I have performs TONS of tshooting to narrow this down. I have checked routes, permissions, everything looks good. I can hop on SSH on the BIG-IP and run the manual CLI command to prove the IAM user can see buckets.

{
  "kind": "storage#buckets",
  "items": [
    {
      "kind": "storage#bucket",
      "selfLink": "https://www.googleapis.com/storage/v1/b/girouxf5",
      "id": "girouxf5",
      "name": "girouxf5",
      "projectNumber": "690404916641",
      "metageneration": "1",
      "location": "US-WEST1",
      "storageClass": "STANDARD",
      "etag": "CAE=",
      "defaultEventBasedHold": false,
      "timeCreated": "2022-04-06T16:25:56.991Z",
      "updated": "2022-04-06T16:25:56.991Z",
      "labels": {
        "f5_cloud_failover_label": "giroux123"
      },
      "iamConfiguration": {
        "bucketPolicyOnly": {
          "enabled": true,
          "lockedTime": "2022-07-05T16:25:56.991Z"
        },
        "uniformBucketLevelAccess": {
          "enabled": true,
          "lockedTime": "2022-07-05T16:25:56.991Z"
        },
        "publicAccessPrevention": "inherited"
      },
      "locationType": "region",
      "satisfiesPZS": false
    }
  ]
}
shyawnkarim commented 2 years ago

Thanks for reporting and for providing these details. We'll take a look into either fixing the order issue or documenting the order requirement. Tracked with internal ID ESECLDTPLT-3078.
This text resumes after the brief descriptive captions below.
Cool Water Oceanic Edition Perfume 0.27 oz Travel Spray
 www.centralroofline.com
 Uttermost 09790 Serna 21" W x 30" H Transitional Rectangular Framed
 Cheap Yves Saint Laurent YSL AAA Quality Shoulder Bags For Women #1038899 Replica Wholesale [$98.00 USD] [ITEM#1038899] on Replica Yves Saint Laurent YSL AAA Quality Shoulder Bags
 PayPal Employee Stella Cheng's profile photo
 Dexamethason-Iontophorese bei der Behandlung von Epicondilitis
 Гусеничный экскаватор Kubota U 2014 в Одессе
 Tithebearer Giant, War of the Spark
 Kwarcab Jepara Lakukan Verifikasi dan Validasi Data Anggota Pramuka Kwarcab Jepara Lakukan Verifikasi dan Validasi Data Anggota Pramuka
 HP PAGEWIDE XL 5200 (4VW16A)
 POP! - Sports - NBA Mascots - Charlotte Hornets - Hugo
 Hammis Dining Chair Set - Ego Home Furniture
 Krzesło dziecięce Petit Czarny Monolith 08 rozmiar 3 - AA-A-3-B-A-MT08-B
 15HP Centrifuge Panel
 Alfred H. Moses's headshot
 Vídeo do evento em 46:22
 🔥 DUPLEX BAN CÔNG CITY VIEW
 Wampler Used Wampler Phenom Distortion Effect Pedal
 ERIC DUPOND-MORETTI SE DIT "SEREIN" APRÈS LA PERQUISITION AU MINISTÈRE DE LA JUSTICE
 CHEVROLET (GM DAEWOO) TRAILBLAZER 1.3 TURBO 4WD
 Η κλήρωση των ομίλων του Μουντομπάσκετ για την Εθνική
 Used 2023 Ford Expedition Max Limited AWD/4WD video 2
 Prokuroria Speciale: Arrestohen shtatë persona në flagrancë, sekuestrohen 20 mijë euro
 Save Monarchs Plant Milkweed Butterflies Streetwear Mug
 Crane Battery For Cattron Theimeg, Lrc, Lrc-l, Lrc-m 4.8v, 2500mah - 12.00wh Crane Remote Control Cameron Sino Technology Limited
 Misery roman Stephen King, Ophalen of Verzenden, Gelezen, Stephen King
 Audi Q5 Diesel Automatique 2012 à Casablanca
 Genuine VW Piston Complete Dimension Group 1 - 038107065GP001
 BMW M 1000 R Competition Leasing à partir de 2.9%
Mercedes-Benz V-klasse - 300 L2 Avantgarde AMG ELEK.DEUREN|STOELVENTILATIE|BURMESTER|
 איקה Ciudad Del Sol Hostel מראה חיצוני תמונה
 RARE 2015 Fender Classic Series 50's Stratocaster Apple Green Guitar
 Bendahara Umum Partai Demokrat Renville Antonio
JeffGiroux commented 1 year ago

If you ever validate bucket permissions from the BIG-IP, you can ssh to BIG-IP and run this locally.

curl -H "Authorization: Bearer $(curl -sf --retry 20 -H 'Metadata-Flavor: Google' http://169.254.169.254/computeMetadata/v1/instance/service-accounts/default/token | jq --raw-output '.access_token')" https://storage.googleapis.com/storage/v1/b?project=$(curl -sf --retry 20 -H 'Metadata-Flavor: Google' http://169.254.169.254/computeMetadata/v1/project/project-id)
aliasgar215 commented 1 year ago

i am facing the above issue mentioned by you for one of my GCP cloud deployed vm. Here i am only using CFE but still getting the same error.So order of DO /AS3 is not applicable to my case. Also can you please help me edit below command as per my device data and execute. like which field i need to populate which data and then execute from F5 bash:-

curl -H "Authorization: Bearer $(curl -sf --retry 20 -H 'Metadata-Flavor: Google' http://169.254.169.254/computeMetadata/v1/instance/service-accounts/default/token | jq --raw-output '.access_token')" https://storage.googleapis.com/storage/v1/b?project=$(curl -sf --retry 20 -H 'Metadata-Flavor: Google' http://169.254.169.254/computeMetadata/v1/project/project-id)

shyawnkarim commented 1 year ago

Closing. A fix for this is not possible due to a race condition on BIG-IP. Please follow the examples in our documentation. They have been tested and work.